Un museo non deve solo conservare il passato, ma porsi inoltre come obiettivo la condivisione delle conoscenze che ha accumulato. Questo non soltanto in termini di resoconti scientifici del proprio lavoro, ma anche in un’ottica puramente divulgativa, e magari a livello cittadino, in modo da incontrare le esigenze del territorio e poter strutturare attività di avvicinamento e di superamento delle barriere culturali.
Per un museo a vocazione tecnologica, questo problema è tanto più urgente quanto è difficile far comprendere ai visitatori casuali i materiali in esposizione: le storie dei protagonisti che li hanno realizzati, il contesto sociale nel quale questi si muovevano, i cambiamenti che hanno portato nel nostro modo di intendere prima e manipolare poi la realtà. In sostanza, le rivoluzioni che hanno suscitato al nostro modo di vivere.
Se possibile, il compito è ancora più complesso nel caso dell’informatica, per la quale molti dei progressi sono intangibili, e la cui materia è temporalmente così vicina da non essere ancora percepita come storica, nonostante i suoi mutamenti siano ancora più fragili da tracciare e conservare che non in altre discipline. Inoltre, l’informatica è talmente embedded nella nostra vita quotidiana da risultare ormai difficile ai più pensarla come una disciplina scientifica, che richieda qualcosa di altro che non installare applicazioni su un device o “smanettare” su un computer.
Al contrario, ogni scienza è nella quotidianità un artigianato, e non di rado è arte. La bellezza matematica è evidente nell’eleganza di un teorema o nell’ingegnosità di un algoritmo, nella robustezza di un’euristica o nella chiarezza del codice ben scritto. E i contatti col mondo dell’arte “classicamente intesa” (per mancanza di una descrizione più adatta) sono sempre stati serrati, dalla prospettiva rinascimentale di Alberti alla novecentesca arte programmata di Munari. Riflettere su tali rapporti è già portatore di una maggiore consapevolezza delle meraviglie tecniche e naturali che ci circondano.
Ma l’operazione compiuta da Francesco Zavattari si spinge oltre. L’interpretazione che propone di un concetto astratto o di un manufatto tecnologico rende la complessità di una rivoluzione scientifica con la sensibilità dell’artista. Il quale, pur non essendo un addetto ai lavori, si dimostra assai attento e partecipe della portata di certi contributi e della loro fascinazione, e la comunica a una audience che può non essere in grado di coglierne gli aspetti tecnici, ma è pronta a recepirne le suggestioni offerte e a farsene affascinare.

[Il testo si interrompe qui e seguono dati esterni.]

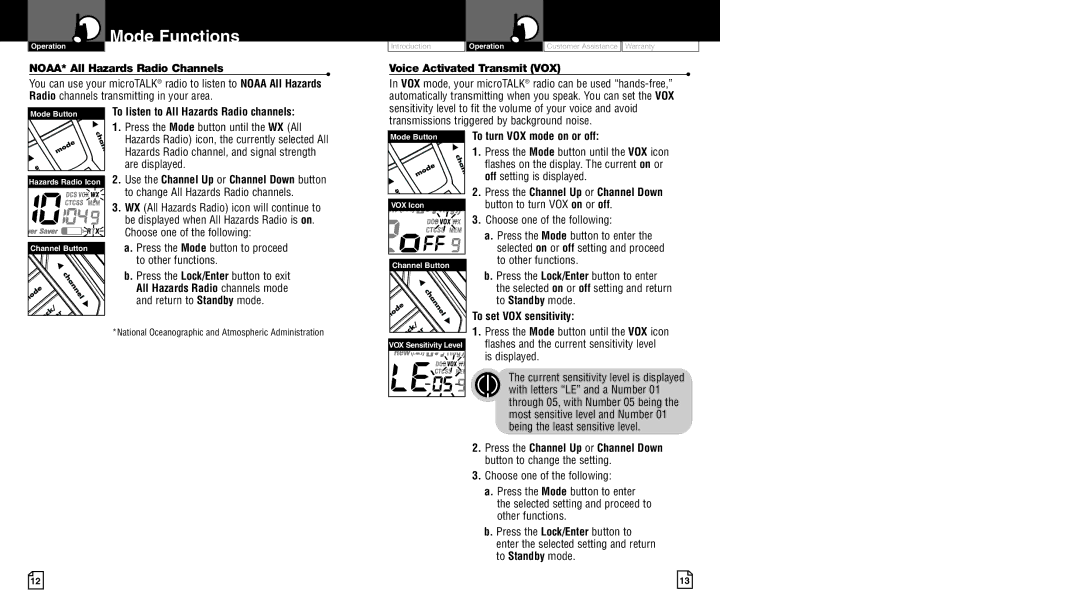 Cobra Electronics CXR900 NOAA* All Hazards Radio Channels, Voice Activated Transmit VOX, To turn VOX mode on or off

Ed è questa capacità di dialogare con la scienza e di rendere vicini, quasi “familiari” dei concetti spesso complessi attraverso l’opera artistica, che rende il lavoro di Francesco prezioso. È una modalità di mediazione culturale differente, nuova, quanto mai necessaria in questi tempi distratti nei quali viviamo. E che l’Università di Pisa è stata felice di poter ospitare nel suo Museo degli Strumenti per il Calcolo.